Necessity is in Monterey
Eva and Jan Fr. Mack
Wed 3 Nov 2010 16:00
Wine tasting is over. We are sailing again. The start was cautious: Sausalito to Half Moon Bay. That is still close to San Francisco, but on the ocean side - only 25 miles. We stayed there waiting for northerly winds and for our wind generator that was being repaired in Arizona. Four to five days made us part of the local community. Here we met Ed and Mary, a very nice local couple planning their next cruise. They took us to a very good restaurant for an excellent meal. Oddly enough we may meet Ed again in Oslo in December when he is visiting at the university at Ås close to Oslo (he is working in biotech). Here we met Sid and Sandra planning to sail to Galapagos - Sids lifelong dream. Sandra needed some convincing that a 32' boat was the best way to get there.

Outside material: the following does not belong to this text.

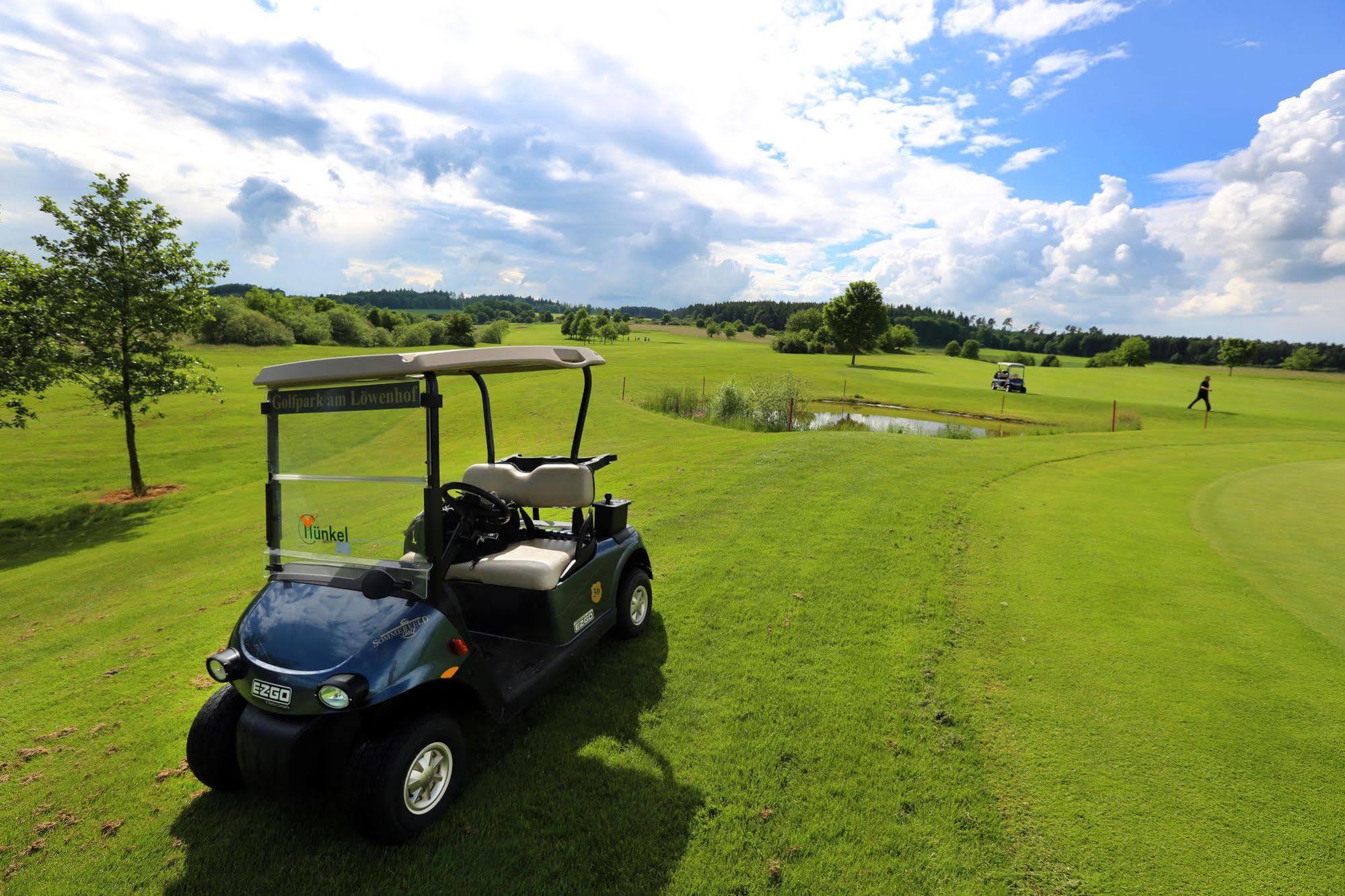 Apartments Golfpark Schlossgut Sickendorf Lauterbach Εξωτερικό φωτογραφία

And we met Arne and Ann-Mari, he a local fisherman from Bergen, Norway, and she from Stockholm, Sweden. They had made a very good life for themselves in California, but visit Scandinavia once a year.
Not least, the San Francisco Giants won the baseball world series beating Texas Rangers in the finals. For a Californian it is extra nice that both presidents Bush were watching. It does not matter one bit to the locals that only American teams participate. We have now moved again, this time to Monteray, the once capital of California. The sailing down here was great most of the way with Necessity doing better than eight knots. We came in at 2 in the morning and were fumbling around in the dark when a bright light beam found us. The harbor master was up and guided us to an easy slip. The only problem; a huge sea lion had picked the same pontoon as his spot for the night. His load protests when he had to share reverberated among hundred of other sea lions in the harbour. Sea lions are really load.
They are not the only wild life here. Quite a few sea otters use the pontoons to give their babies swimming lessons. Today we sat and watched in amazement a mother and baby only a few meters away. We can now tell you that the very young do float, but they are not great swimmers. The mother stays close and urges the baby to swim, then takes her young up on the pontoon to dry and for a lot of grooming. Then they try again. It looks like hard work. This is one area were the US differs from Europe. We are in the middle of a town in a densely populated, very rich state, and there is wildlife like we were in the wilderness. Rather more wildlife actually than the wilderness back in Norway. We still experience something "to write about".